Short web captions:
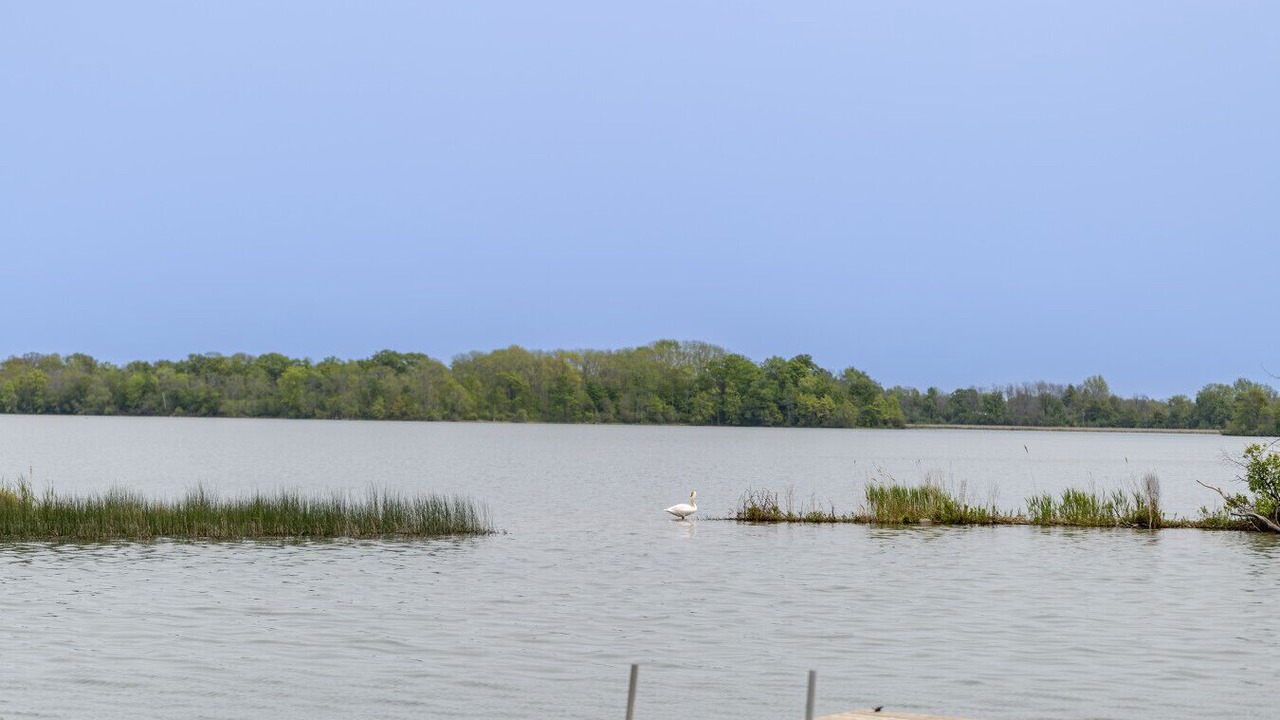 Photo of Outdoor in Prince Edward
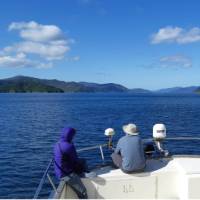 There is plenty of deck space onboard to enjoy the views and get out the cameras | Kaye Wilson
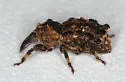 Sthereus horridus - photo 5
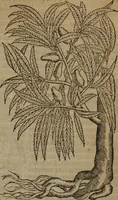 An illustration from A nievve herball, or Historie of plantes : wherein is contayned the whole discourse and perfect description of all sortes of herbes and plantes : their divers & sundry kindes ... and that not onely of those whiche are here growyng in this our countrie of Englande, but of all others also of forrayne realmes commonly used in physicke ; first set foorth in the Doutche or Almaigne tongue (1578)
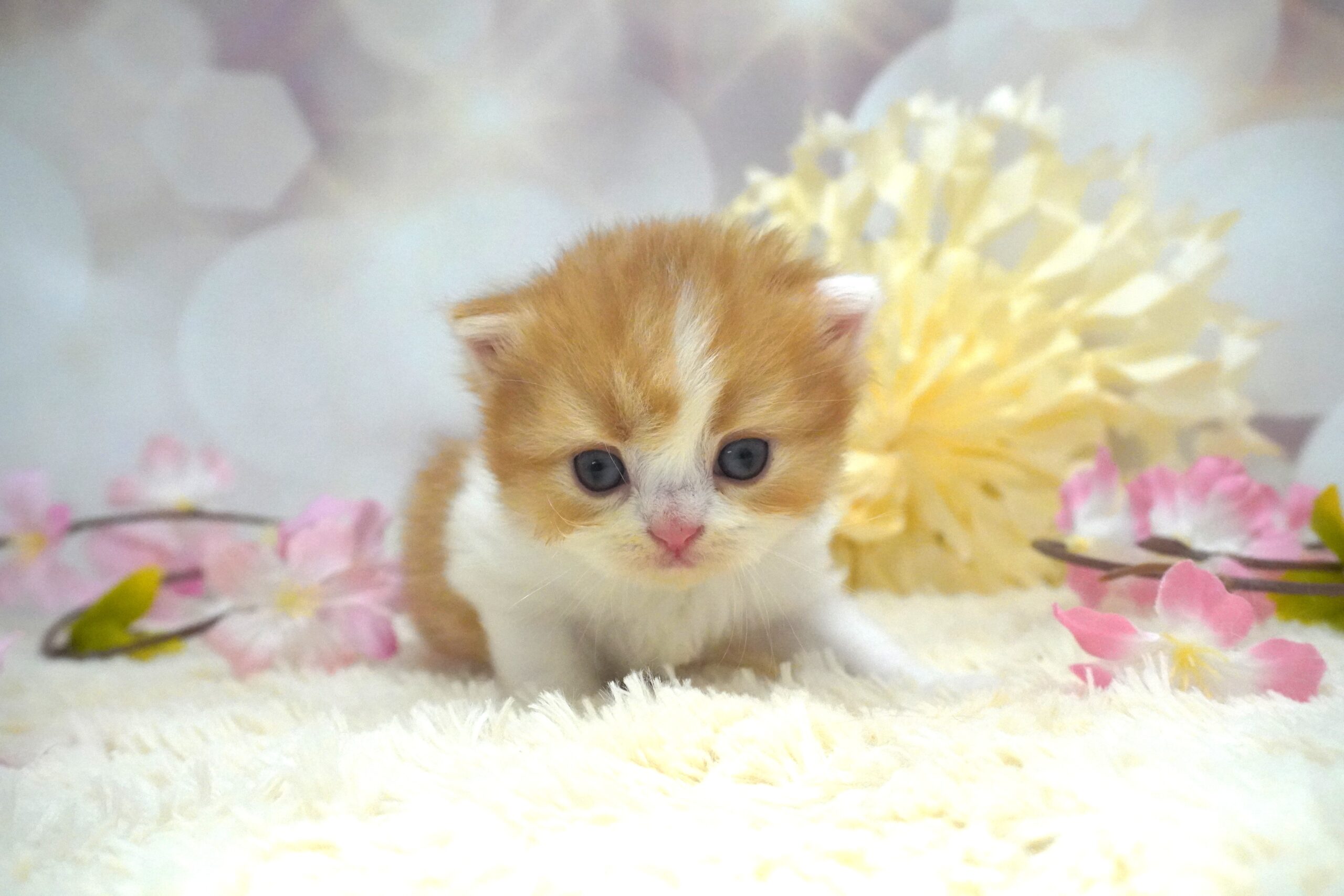 スコティッシュフォールド産まれました！（菜の花ベイビー）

**INSTRUCTIONS FOR THE TASK:** Exactly as written, return each line above and leave the pictures behind.

**TASK RESULT:**
 Photo of Outdoor in Prince Edward
 There is plenty of deck space onboard to enjoy the views and get out the cameras | Kaye Wilson
 Sthereus horridus - photo 5
 An illustration from A nievve herball, or Historie of plantes : wherein is contayned the whole discourse and perfect description of all sortes of herbes and plantes : their divers & sundry kindes ... and that not onely of those whiche are here growyng in this our countrie of Englande, but of all others also of forrayne realmes commonly used in physicke ; first set foorth in the Doutche or Almaigne tongue (1578)
 スコティッシュフォールド産まれました！（菜の花ベイビー）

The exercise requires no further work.